Before you begin any community outreach, plan to use the local news to reach the most people for your effort. When you appear in the press you are getting the project in front of people that may not ever have considered skateboarding at all. When the local news covers the story, it can amplify that message to reach a broader audience and that audience may include your biggest potential donors and supporters.
Every community has a local paper, and larger cities will have several. Most towns havea local newspaper and a smaller community publication. Larger cities will have television and radio news, newspapers, community magazines, and special-interest periodicals that focus on the arts, music, and so on. It’s in your group’s best interest to have contacts with every paper that distributes in your area.

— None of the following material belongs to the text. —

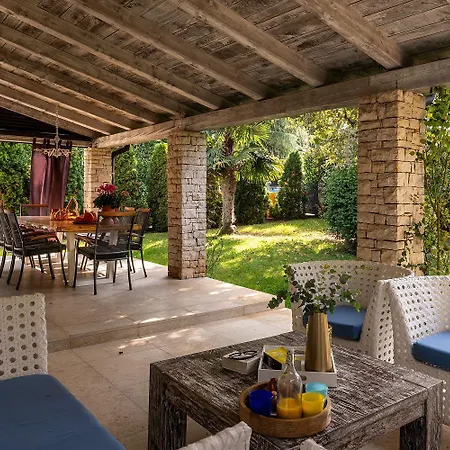 Feriehus Hundefreundlliche Mit Privatpool, Panorama Meerblick, Outdoor-kueche, Babybett Poreč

Contacting your newspapers is easy through their websites, but you may not get much interest at first. Don’t be discouraged; just keep at it whenever your group is doing something that seems newsworthy or of interest to the general public.
Give your journalists plenty of advance notice of your event. Don’t wait for the day before the event to let them know about it. If you are hoping to increase attendance at an upcoming meeting or event, several weeks is good notice, then follow up with a reminder one week before, and again a day or two before. These are events that you need to promote in order for them to be successful. For events where you only hope for news coverage (for example, an event that isn’t a public attraction), a week’s notice should suffice.
Examples of advance notice (2 weeks or more):
- Skate jams and contests
- Movie premiers, music events, and fundraising events
- Meeting notices on critical topics, such as public input meetings concerning the skatepark
Examples of short notice (1 week or less):
- Presentations to community groups
- Core group or Skatepark Advisory Committee meetings
- Core group volunteer participation in other community group events
Remember: The news loves stories about scruffy youth engaging in “adult” processes and events. As corny as this may seem, you can use this to your project’s advantage by reinforcing the idea that the kids are working hard for this park in spite of the odds. (Everyone loves an underdog!) Bring your skateboards, wear your organization’s t-shirts (if you’ve made some), hand out stickers and flyers, and have fun.
Tip: When shooting photos of your group at work during awareness events, or just for your personal records, set your camera to a high resolution. Print publications need higher resolution images than online publications do. Knowing this in advance will allow you to provide print publications with support images that they can actually use and make more of your images usable across many platforms.